A Virtual Warehouse consists of a cluster of machines (CPUs, memory, and SSD) arranged as a Massively Parallel Processing (MPP) server with between 1 and 128 nodes. These are placed in a series of “T-shirt” sizes, with charges billed as “credits,” costing from as little as $3.00 per hour as illustrated below:

Warehouse SizeServersVirtual CPUsCost per Hour
XSMALL18$3
SMALL216$6
MEDIUM432$12
LARGE864$24
XLARGE16128$48
X2LARGE32256$96
X3LARGE64512$192
X4LARGE1281,024$384
X5LARGEDouble CapacityDouble Capacity$768
X6LARGEDouble CapacityDouble Capacity$1,536
💡
Note: The cost per hour varies by geographic location and cloud provider, but approximately $3 per hour is a reasonable estimate. Also, the X5LARGE and X6LARGE warehouses don't have double the servers but deliver twice the power of each. Snowflake doesn't publish internal hardware details.

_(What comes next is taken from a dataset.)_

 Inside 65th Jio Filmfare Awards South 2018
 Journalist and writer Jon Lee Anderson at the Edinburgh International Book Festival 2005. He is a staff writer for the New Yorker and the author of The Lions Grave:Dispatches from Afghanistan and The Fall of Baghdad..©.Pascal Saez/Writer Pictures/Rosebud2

It’s therefore relatively easy to estimate the cost of running a server by simply taking:

  • Warehouse Size: A Medium warehouse has four nodes and enough power to summarize and report on gigabytes of data.

  • Hours per Day: The server is expected to run for at least 8 hours per working day. Note that a virtual warehouse will automatically suspend and resume when not being used to avoid unnecessary charges.

This should give a reasonable cost estimate, and the size can be dynamically adjusted depending on the expected data volumes and performance required.

Controlling Spend

Other usage should be relatively small by comparison and include the cost of storage, a simple pass-through charge from the cloud provider. This is typically less than $25 per terabyte per month, and data is automatically compressed at a ratio of 4-10 times, giving additional savings.

Finally, sophisticated features, including near-real-time data ingestion using Snowpipe, automatic data clustering, and materialized view refreshes, use internal Snowflake resources. They are charged per second per CPU core and may add an additional element.

However, you should typically expect around 80% of the spending to be on virtual warehouses, which should be the initial focus of analysis.

Custom Monitoring

Snowflake provides two locations to monitor usage:

  • Information Schema: This provides a set of system-defined views and metadata with real-time statistics about queries. This data is typically retained for up to 14 days and is most helpful in monitoring ongoing queries.

  • Snowflake Account Usage: Provides a rich set of historical metadata for up to a year and will be the primary source of usage analysis.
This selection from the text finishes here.